The Rise of Smart Data: The Next Step in the Evolution of Big Data

During the frenzy over the rise of Big Data and its promise to transform just about everything, an interesting backlash has also emerged: Big Data skepticism. After all, it’s only logical to ask the simple but very important question: Do all this data actually mean anything? In a recent interview with journalist Charlie Rose, Freakonomics authors Steven Leavitt and Steven Dubner made the point that ideas, talent, and good questions are the key elements that turn data into useful insights. They went on to say that these three elements remain in remarkably short supply, particularly within conventional thinking – including around Big Data. And they are not alone.

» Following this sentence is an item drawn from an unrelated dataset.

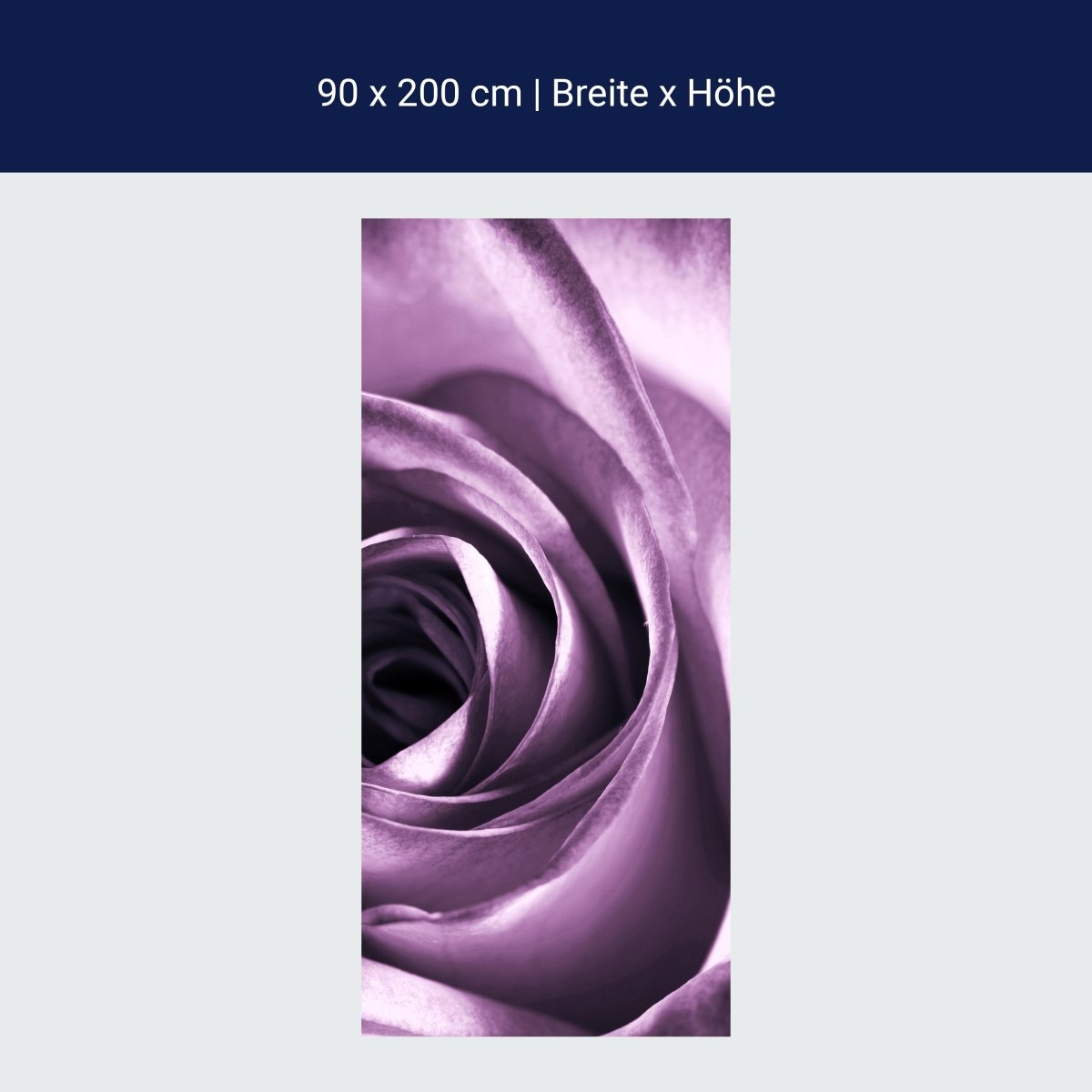 Duschwand violette Rose M0051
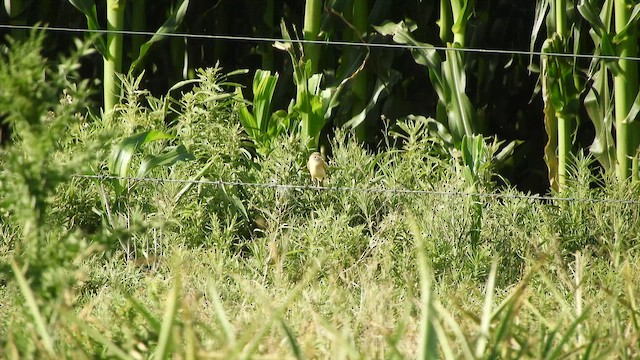 Bearded Tachuri - ML645528712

Big Data Hubris: The Need for a Gut Check

In a recent article in Science, “The Parable of Google Flu: Traps in Big Data Analysis,” David Lazer, Ryan Kennedy, et al from Northeastern University and Harvard Kennedy School coined a new phrase describing the almost magical quality that’s been given by many to Big Data; they call it “Big Data Hubris.” This phrase describes the tendency to believe that traditional methods of data collection and analysis can simply be replaced with sheer volume of data. Statistically and intuitively, we tend to believe that large sets of data create accuracy simply because the n is large. But what happens when we don’t stop to validate the information?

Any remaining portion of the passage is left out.